井指啓吾 (編集部)2014年09月13日 10時00分

長尾氏の隣にはいつも西本美沙氏がいた

 西本美沙氏はドワンゴコンテンツの宣伝部に所属している。長尾氏が言うように、コンテンツの魅力を引き立たせて外部に発信するのが西本氏の主な仕事だ。

 2人が一緒に仕事をするのはダイオウグソクムシが初めてだったが、息が合った。以来、動物の生中継シリーズでは常に連携しており、長尾氏が形にしたものを西本氏がニュースリリースに落とし込んでいる。これ以外では唯一、「神崎かおり地獄のオフ会」で行動をともにしている。

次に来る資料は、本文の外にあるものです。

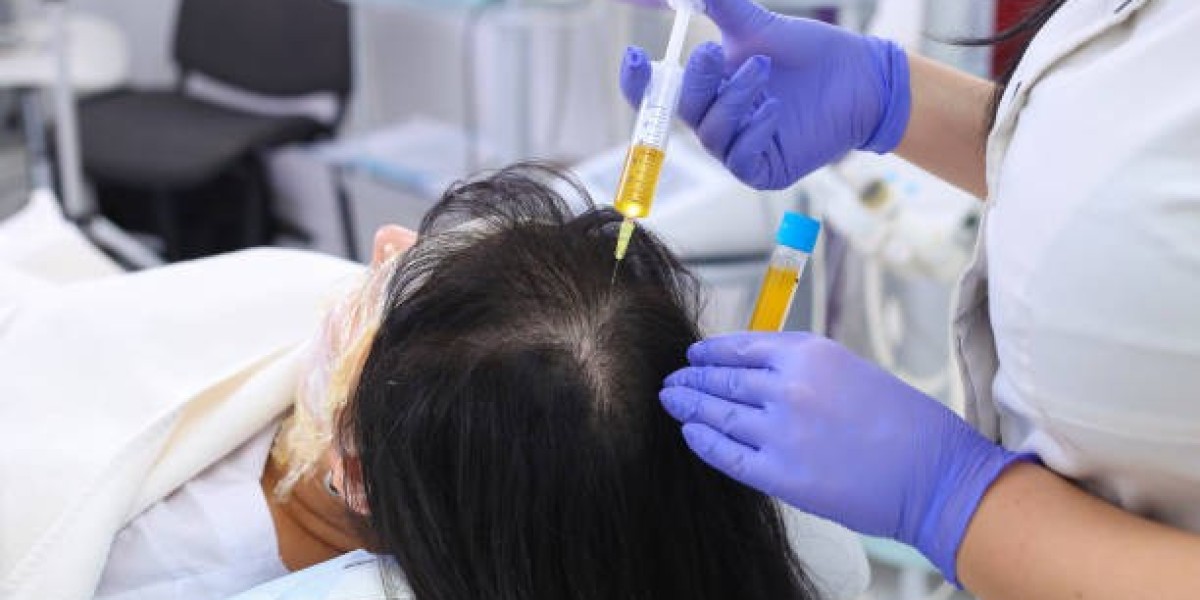 Boost Hair Density Safely with PRP Hair Treatment in Islamabad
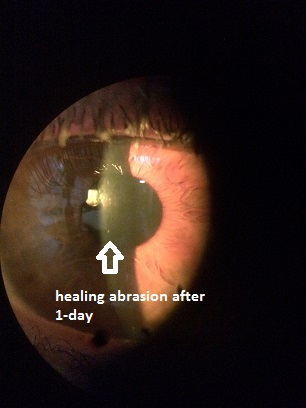 corneal_abrasion_1_day.jpg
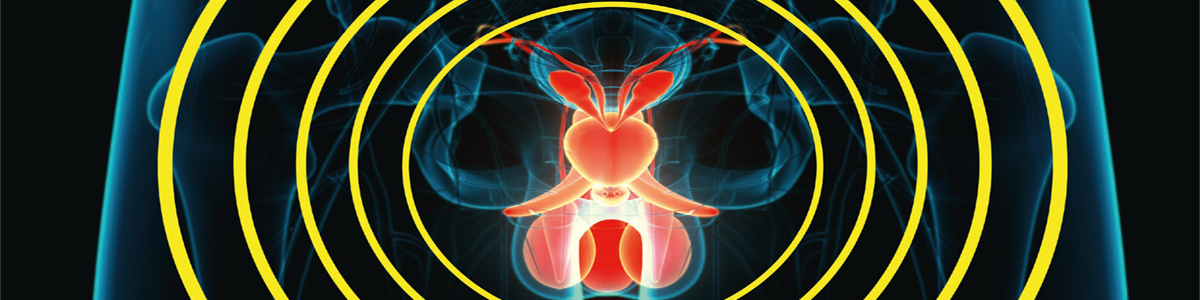 Organiserad prostatacancertestning – var står vi idag?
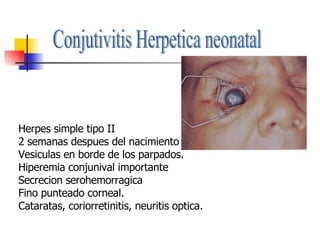 Conjutivitis Herpetica neonatal Herpes simple tipo II 2 semanas despues del nacimiento Vesiculas en borde de los parpados. Hiperemia conjunival importante Secrecion serohemorragica Fino punteado corneal. Cataratas, coriorretinitis, neuritis optica.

 長尾氏いわく「コンテンツ制作、とりわけニコニコ生放送のようなスピードも重視されるコンテンツはプロモーション(宣伝部)やサイト編成との連携が重要で、いかに情報を拡散するかというのがポイント。そこでうまく協力体制をとってコンテンツを作っていけば、より効率的に外に広がるのではないかと思う。

 要するにプロモやサイト編成と仲良くする。現場レベルでは、正直自分も『めんどくせえなー、プロモのためにこんな資料を作るの』と思うこともある。ただ、それをしっかり書くことによって、どれだけの波及効果があるか、ひいては自分の成果になるか、その辺りの重要性を意識すべき」。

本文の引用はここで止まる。